The NO3 : org ratio of our ON factor is close to unity (Fig. 5), while for example Farmer et al. (2010) report a nitrogen-to-carbon ratio of 0.04, and oxygen-to-carbon of 0.25 for AMS spectra of organonitrate standards. However, several factors are likely to affect the NO3 : org ratio observable in atmospheric ON factorisations. Firstly, two different pathways for organonitrates exist: (i) the primarily daytime reactions of organic peroxy radicals with NO (Orlando and Tyndall, 2012), and (ii) the NO3-radical-initiated oxidation of unsaturated compounds during night-time (Peräkylä et al., 2014). While the nitrate functionality in all these reactions is identical, the organic part can be vastly different, as peroxy radicals are formed in almost all atmospheric oxidation reactions, irrespective of oxidant (e.g. OH or ozone) or VOC (biogenic or anthropogenic). Therefore, it is not to be expected that a specific organic spectrum should be linked to the organic nitrate functionality. Secondly, as described by Lee et al. (2016) for example, the particle-phase lifetime of organonitrates is of the order of hours with respect to hydrolysis. This reaction will convert the nitrate functionality to nitric acid, while the organic part remains intact, except for the conversion of the -ONO2 group to -OH. This conversion will only have a small impact on the volatility of the organic molecule (e.g. Kroll and Seinfeld, 2008), while the nitric acid may well evaporate in the fairly low-ammonia boreal forest environment. Taken together, the diverse formation pathways as well as the atmospheric processing are likely to cause ON spectra retrieved from ambient air factorisations to look different from, for example, freshly formed organic aerosol from organonitrate standards, such as those used by Farmer et al. (2010). We therefore avoid putting too much emphasis on the organic parts observed in our ON factor.
3.4 Outlier observations
During the course of our analysis we encountered some anomalous observations likely stemming from surface ionisation effects, i.e. molecules being thermally ionised at the heater surface rather than at the ionisation region by electron impact. A thorough review and discussion of AMS-related surface ionisation effects was recently published by Drewnick et al. (2015). Drewnick et al. (2015) emphasise that the division between refractory and non-refractory aerosol is not binary, and there exist a number of semi-refractory compounds that the AMS can measure, albeit non-quantitatively.
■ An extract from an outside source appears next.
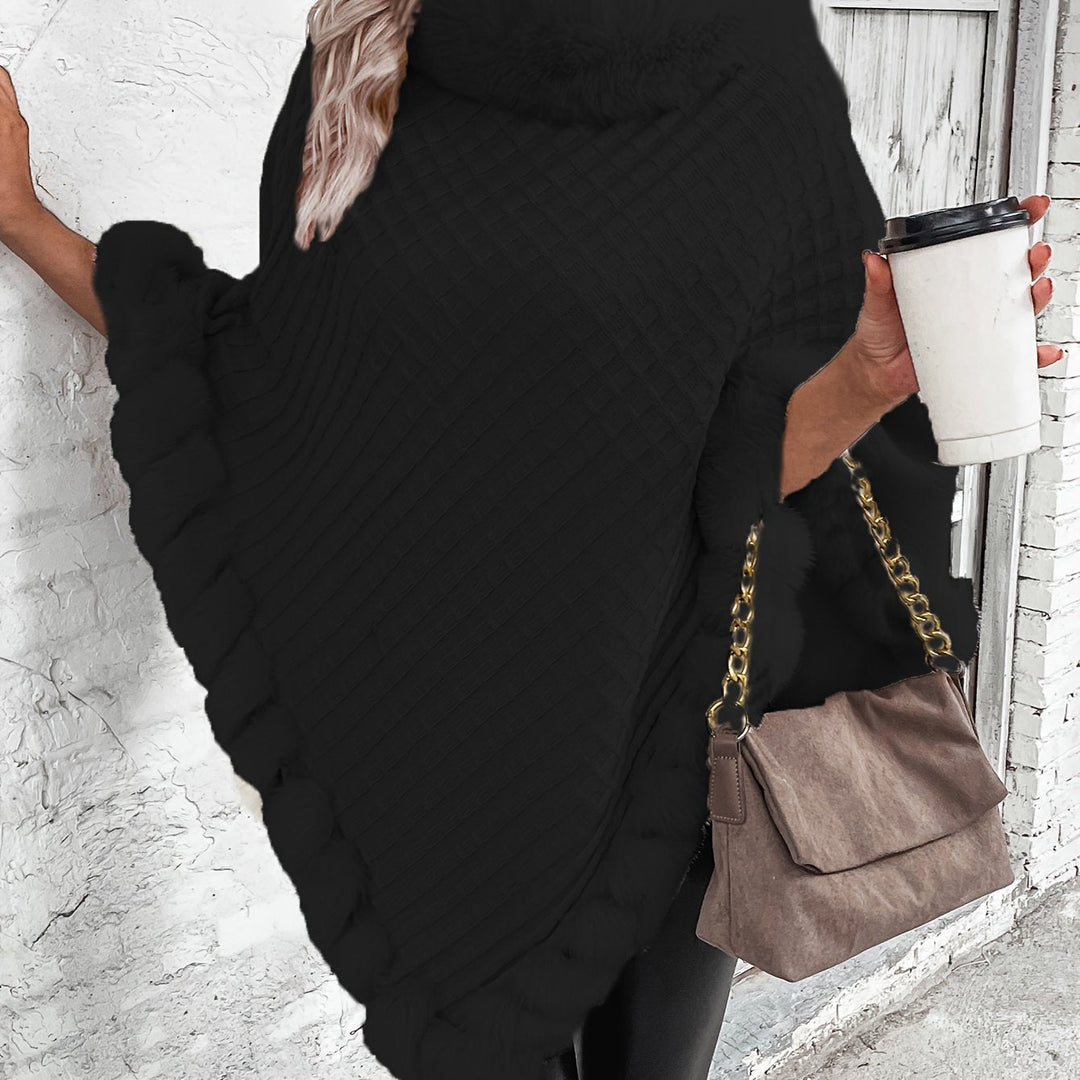 Fenella roll neck knit poncho with faux fur trim – image 14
Our observations on extracted “outlier” PMF factors from the different phases of analysis match well with the finding and calculations of Drewnick et al. (2015), as well as other similar AMS observations published. In Fig. 12, we present the outlier clusters from phase I classification solution that were excluded from further analysis due to a low number of occurrences or/and questionable interpretability. The emergence of most of these spectra are likely attributable to over-resolution or questionable separation of the main PMF factors, due to setting the number of PMF factors to 10. Despite their questionable value for the main analysis, we find they contain many potentially interesting mass spectral features and seem not to emerge by chance. Below we will present some hypotheses on their possible interpretation.
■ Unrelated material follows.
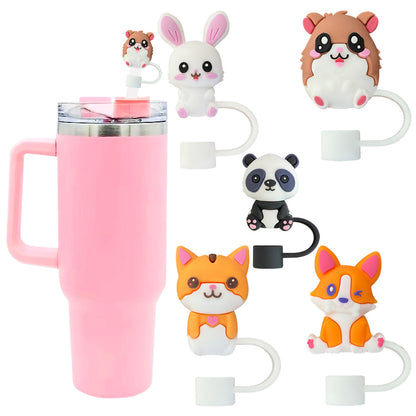 3D Cartoon Tumbler Straw Caps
3.4.1 Surface ionisation and data correction artefacts
Drewnick et al. (2015) note that the main semi-refractory elements eligible for ionisation in the AMS are Cd (m∕z 112 Th), Cs (132 Th), Hg (200 Th), K (39 Th), Na (23 Th), Rb (85 Th) and Se (79 Th). The proneness of potassium (K) and sodium (Na) for non-quantitative thermal ionisation effects in the AMS is well known (e.g. Allan et al., 2003a), which is also why they are excluded from AMS (quantitative) data analysis. Although the main potassium isotope is omitted, the 41K isotope (with 6.7 % relative abundance; Haynes, 2014) is not, and a correction is applied in fragmentation table instead. The K-derived signals were especially prominent in data set VIII (see Supplement Fig. S7), with contributions of 1 to 2 order of magnitudes higher than the highest well-behaving signals such as m∕z 44 Th or 48 Th. We hypothesise the strong signals at m∕z 41 Th observable in many of the outlier spectra (clusters no. 10, no. 15 and no. 17) may be due to insufficient accuracy of the 41K isotope correction.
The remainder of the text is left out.